A newish phenomenon in business is ‘presenteeism’ – the opposite of absenteeism. It’s when people insist on coming to work even when they are sick, exhausted, injured or burned out. Turns out this can cut worker productivity by a third or more, according to Harvard Business Review. And that helps no one. Ultimately, our friend’s burnout will cost her employer dearly – even when she’s trying as hard as she can.


Now, should she have a heart to heart with an unconscious boss who disses her, and offers no support, then the other option is clear.


Leave the damn job. Get out of there, give herself a promotion, and find a place that’s functional enough that she doesn’t have to live in self-deprivation to get along. A good employer will always include paid sick time and vacation time in their benefits package. If they don’t, that’s when we all must ask ourselves … is this really the job for me?

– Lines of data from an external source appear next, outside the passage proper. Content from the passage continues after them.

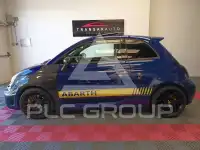 2017 Abarth 595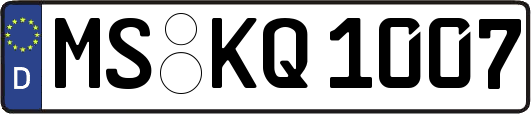 MS-KQ1007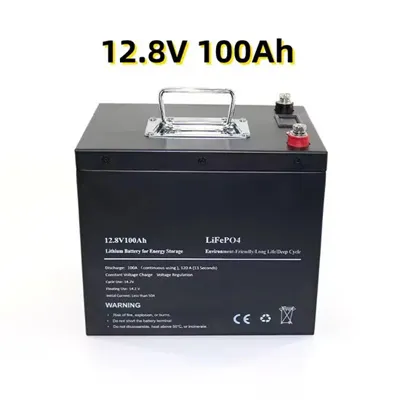 Solar container communication station inverter layout is decentralized and hybrid power supply is more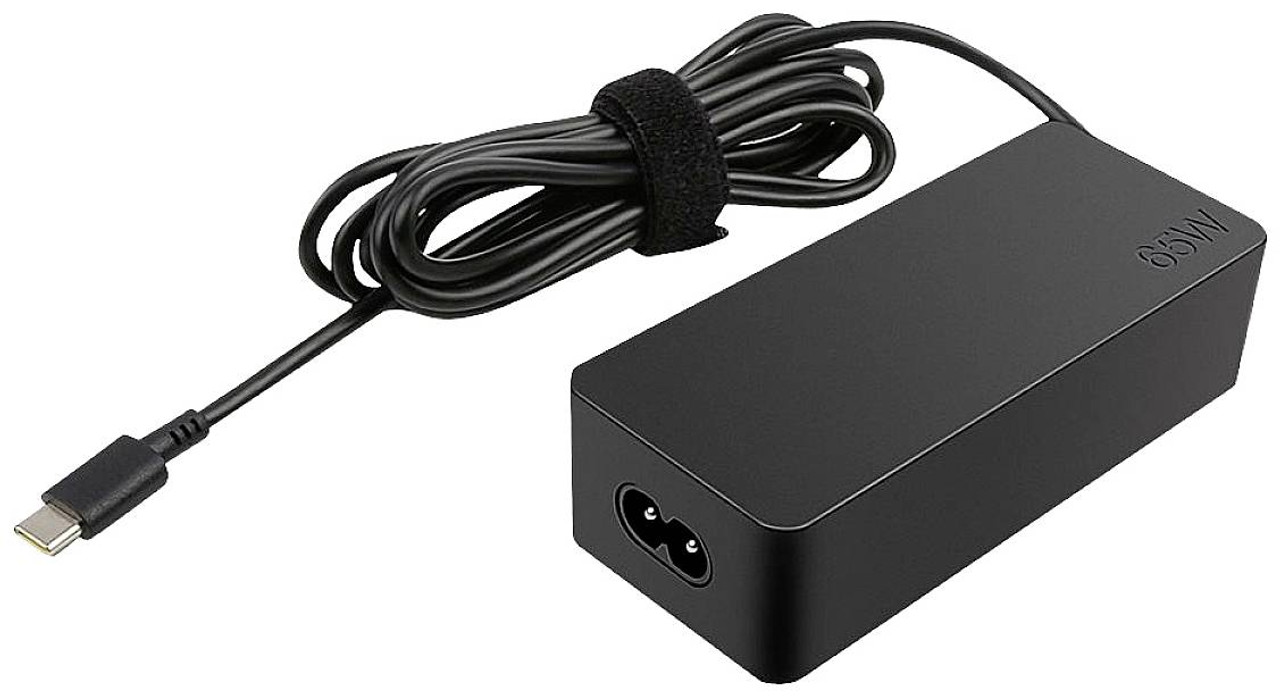 Lenovo USB-C 65W AC Adapter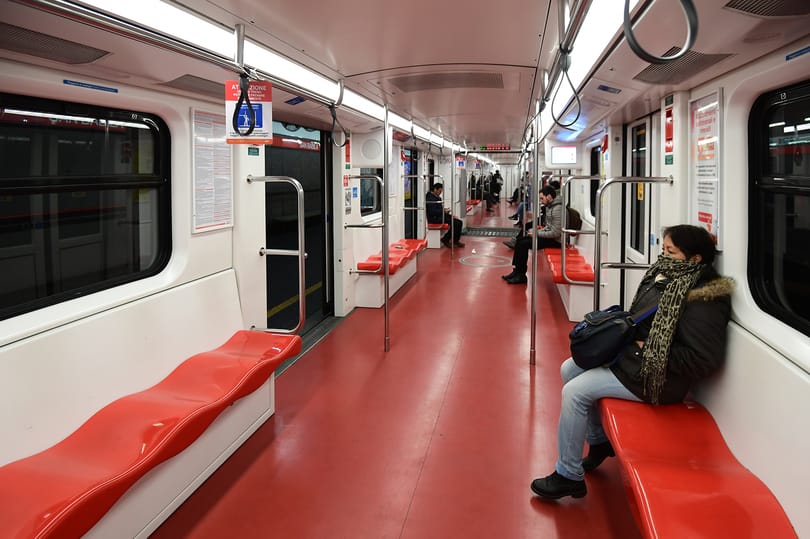 Olaszországban 250 vírusfertőzött halt meg egy nap alatt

Yet, there may be something else at play as well. Sometimes we create these conditions by being too willing to clean up all the messes ourselves, and even insisting on doing all the work. The brutal truth is that such a path is not sustainable, as our burned out friend has discovered.


Yet it may still seem as if there is no way out. Ah, but there is.


Ideally, work is never meant to be done entirely alone. Ideally, your job involves an entire team, all of whom share responsibilities even tangentially. They truly cover your back when needed, and you cover theirs. Because, hey, we’re all human. We have needs. Like vacation days. And as long as we don’t abuse this, and the support system works, we should be okay.


And if the team in question is not reliable, some clear requests need to be made, either to them or to management.


To the question that started this article — about whether it’s alright to ask for help – I say a resounding yes! Always ask for help. Because the worst that happens is you find out that no help is available, and it may not even be safe to ask for it.


That’s extremely useful information, because then you get to make choices. Maybe it’s time to look for a job that better supports your self-care. Chances are, there probably is. But be aware … there is a mindset that can set in in toxic workplaces.


It goes something like this:


I will never get another job


No one would ever think of employing me


I’m a lousy hire even when I work as hard as I can


All jobs are the same, and all bosses are jerks


I have no time to get a resume together or begin to look


Etc


Etc


This is a vortex that will suck you in and hold you fast, until you decide to break free. The path forward really is entirely up to you.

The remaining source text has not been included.